Laurence Tribe has an interesting piece in today’s NYT about how the SCOTUS should and apparently therefore will deal with the constitutionality of the ACA. The piece is interesting not because of its deployment of already well-worn arguments regarding the law’s constitutionality, but rather as a sociological document. To wit, what does Professor Tribe think he’s doing? One understanding of the piece is as a Profession of Faith in The Law, i.e., Tribe really and truly does believe that
(1) Questions such as the constitutionality of the ACA have legally correct answers — answers that exist independent of both the narrowly political and broader jurisprudential commitments of the socially authoritative interpreters of these questions (in other words, the answer to the question of whether a law is constitutional is something other than a prediction of what five SCOTUS justices are going to do); and
(2) The current members of the SCOTUS can be trusted to discern those answers correctly, and apply the law without regard to whether they personally like the outcome of the case and controversy in question.*
*Note that Tribe brackets Bush v. Gore so as to exempt it implicity from (2).
Another understanding of the piece is that Tribe doesn’t believe either of these assertions, or at least he doesn’t believe the second one, and he’s merely engaging in politics by other means, by trying to pressure a SCOTUS justice or two into acting as he would like to see them act — which of course is to uphold the ACA while purporting to vindicate the validity of claims (1) and (2).
Yet a third possibility is that it’s a little bit of both: that for someone like Tribe, belief in The Law, and the integrity of its interpreters, is a transitory thing — on some days he believes, on others he doesn’t, and on most he just doesn’t think about the question.

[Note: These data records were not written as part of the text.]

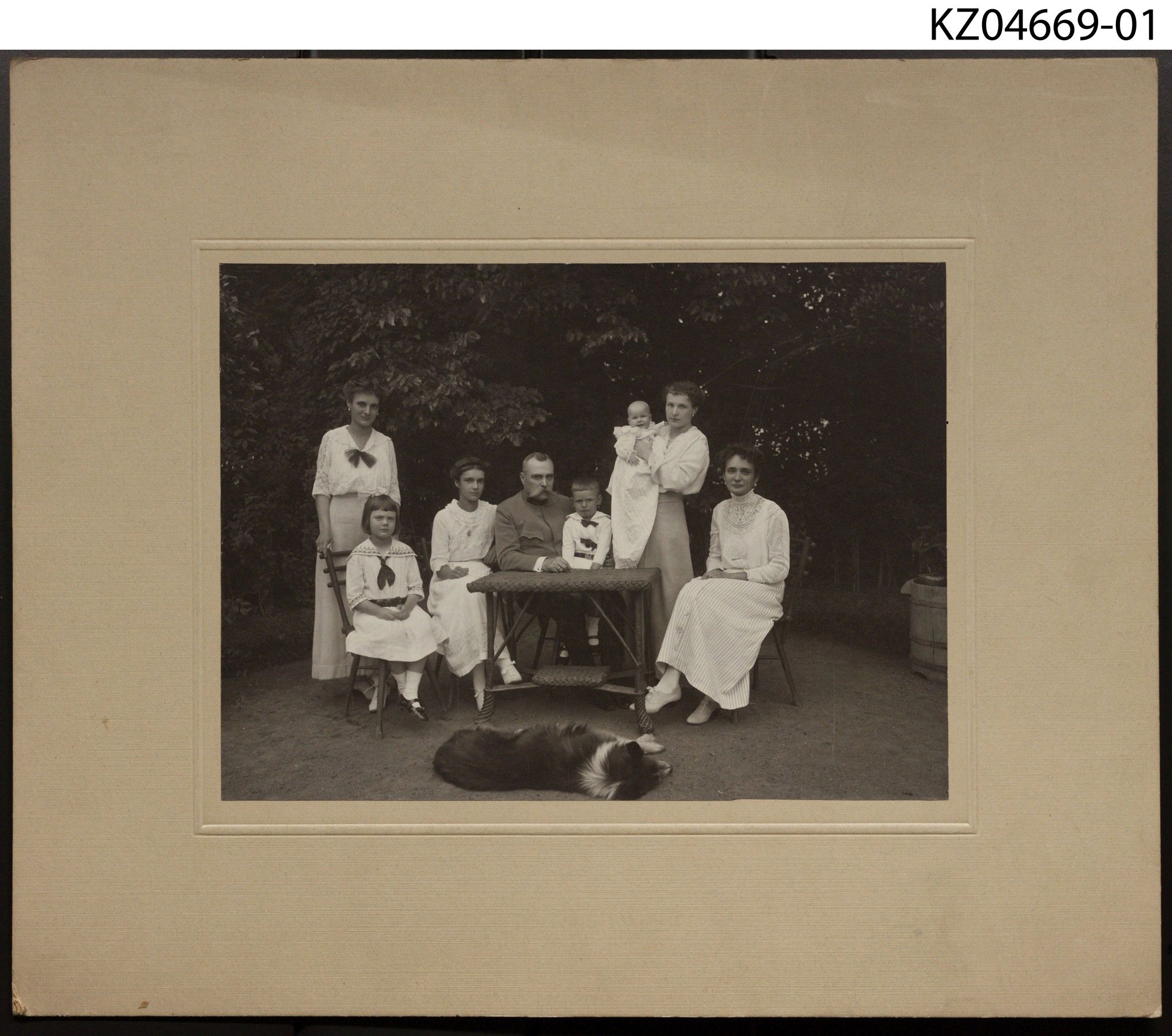 Náhledový obrázek Fotografie portrét skupinový, Rodinné foto - 1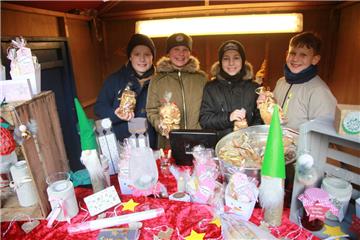 Zoe (10), Samuel (10), Dario (9) und Jan (10) hatten in der Schiffdorfer Weihnac...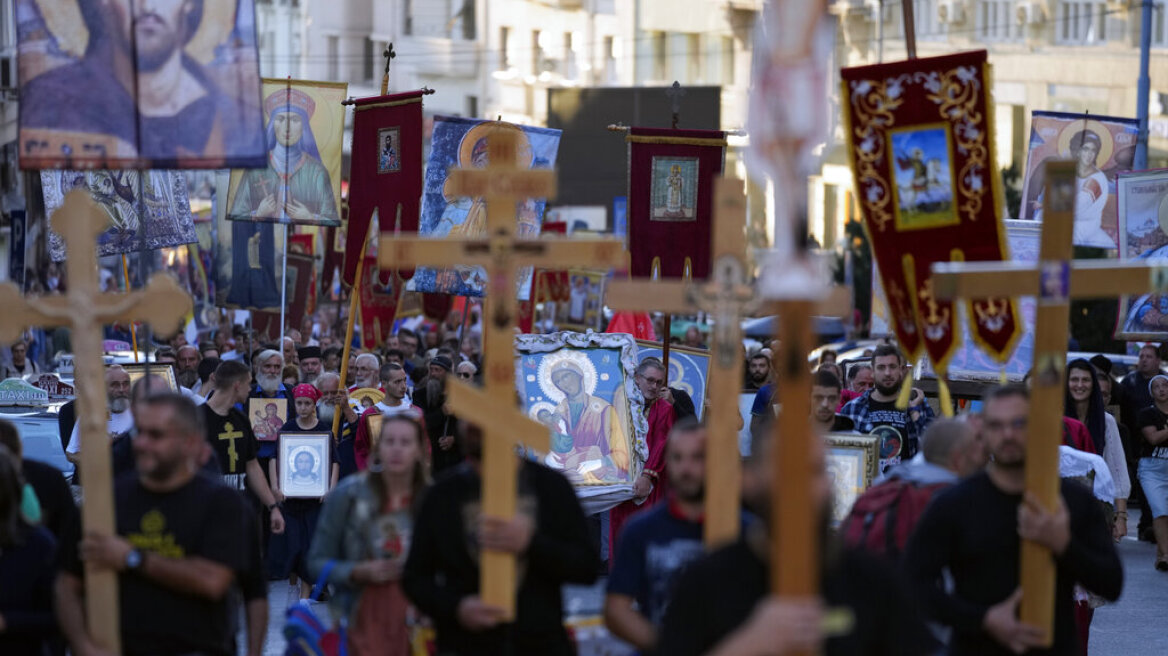 Σερβία: Χιλιάδες διαδηλωτές στο Βελιγράδι κατά της διοργάνωσης του EuroPride - Δείτε βίντεο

(For something that sounds very much like the voice of the true believer, see Professor Randy Barnett’s Senate testimony last week, that comes to diametrically opposite conclusions to those Tribe reaches regarding the ACA and the Constitution).
Yet another question this kind of thing raises, at least for me — that is, for someone who is professionally obligated to teach students to either actually have the beliefs about the nature of the law and legal decision making Tribe and Barnett profess to have, or to at least successfully simulate having those beliefs in the appropriate settings — is how do you deal with this stuff when you don’t believe in it yourself? This, needless to say, isn’t exactly a novel question. Back in the day, Roberto Unger observed that he joined a Harvard Law faculty full of “priests who had lost their faith but kept their jobs.” (For some reason this remark has always reminded me of the Monty Python sketch in which Dinsdale Piranha is described as “a cruel man — but fair!”).
At one level this is a purely practical question. Doctrinal legal analysis isn’t a particularly difficult activity, as intellectual ventures go, but still like any technical, highly self-referential discourse, it’s full of terms of art, rhetorical strategies, and picayune disagreements that are really hard to follow if you’ve lost your faith in the basic cogency of the whole enterprise. Reading a debate between Tribe and Barnett about the Commerce Clause, if you don’t believe in any of this stuff, is probably a lot like trying to follow a theological debate about the Nestorian heresy if you don’t believe in the divinity of Jesus, or a heated argument about whether Trotsky’s criticisms of Stalin’s interpretation of Lenin’s revolutionary praxis were valid if you are not now and never have been a member of the Communist Party.